0

This df is from the complete journey package. have join df's in order to show the transaction_timestamp, household_id, product_type and product_kind). Product kind is a variable created to show what type of item bought was. The problem is, each transaction timestamp and the household id are repeated with each row showing a different product_kind. How can I make it so that there is a new row which combines the transaction?

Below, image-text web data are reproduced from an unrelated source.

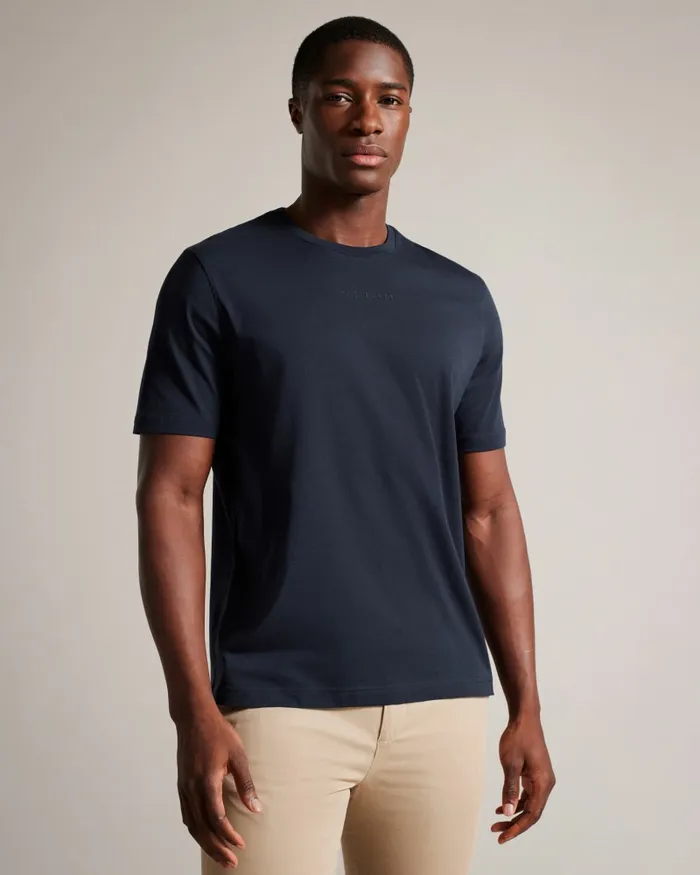 Men WILKIN 8211 Short Sleeve Branded TShirt Navy Ted Baker Tops Men WILKIN 8211 Short Sleeve Branded TShirt Navy Ted Baker Tops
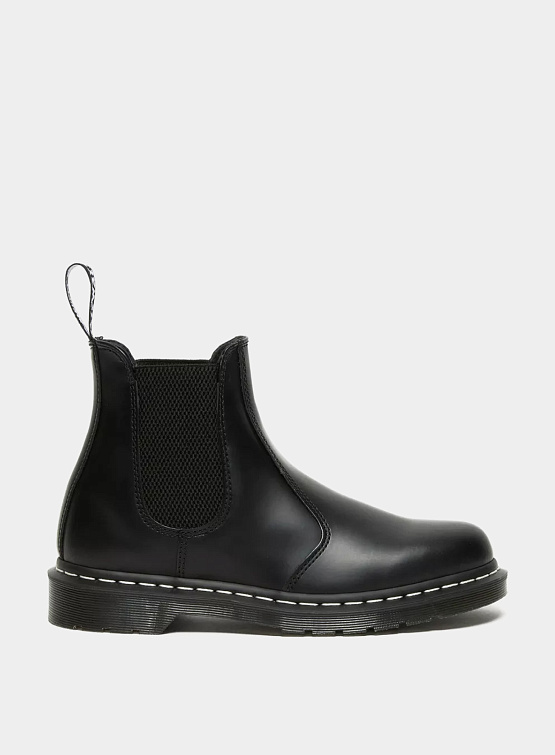 Женские челси Dr. Martens 2976 White Stitch Leather Black
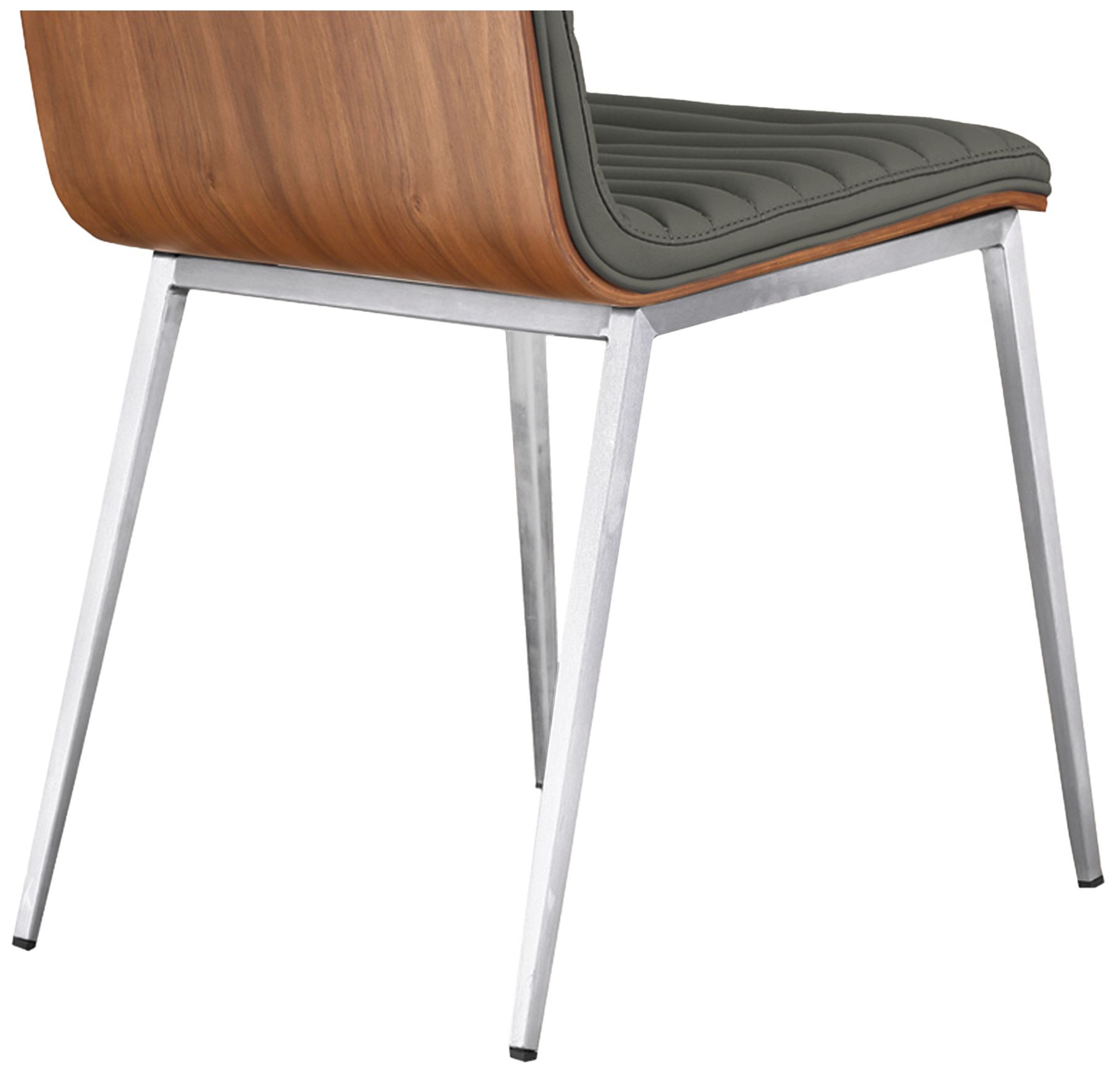 Image 4 Cafe Gray Faux Leather Dining Chair Set of 2 more views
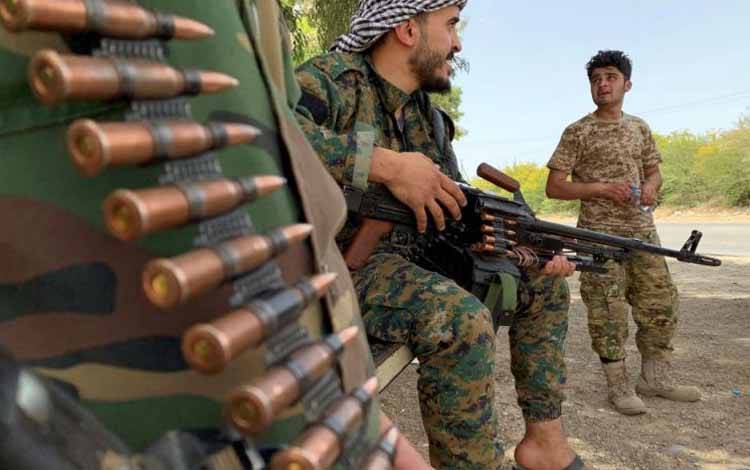 Pejuang yang setia kepada pemerintah Libya dukungan PBB terlihat di Tripoli, Libya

trying to create a new row that shows when both beer and ice were purchased during the same transaction_timestamp and household_id, while also showing when they were purchased by themselves.

library(completejourney)
transactions <- get_transactions()

transactions%>%
  inner_join(products, by = "product_id")%>%
  mutate(product_kind = str_extract(product_type, regex("Wine|Beer|ICE - CRUSHED/CUBED|DELI TRAY:MEAT AND CHEESE",ignore_case = TRUE))) %>%
  filter(!str_detect(product_type,regex("cooking|vinegar",ignore_case = TRUE )))%>%
  filter(str_detect(product_kind,regex("Wine|Beer|ICE - CRUSHED/CUBED|Cheese",ignore_case = TRUE)))%>%
  group_by(product_kind)%>%
  summarise(total_sales_value = sum(sales_value, total_sales_quantity = sum(quantity)))%>%
  arrange(desc(total_sales_value))

transactions%>%
  select(transaction_timestamp, household_id, product_type, product_kind)%>%
  group_by(transaction_timestamp)%>%
  mutate(Cold_One = case_when(product_kind == 'BEER'& product_kind == "ICE - CRUSHED/CUBED" ~"Beer and Ice"))%>%
  count(Cold_One)
  • 2
    you should include the code that calls the other data and joins it so that someone can reproduce this and help you with it! – sconfluentus Oct 06 '22 at 21:43

0 Answers0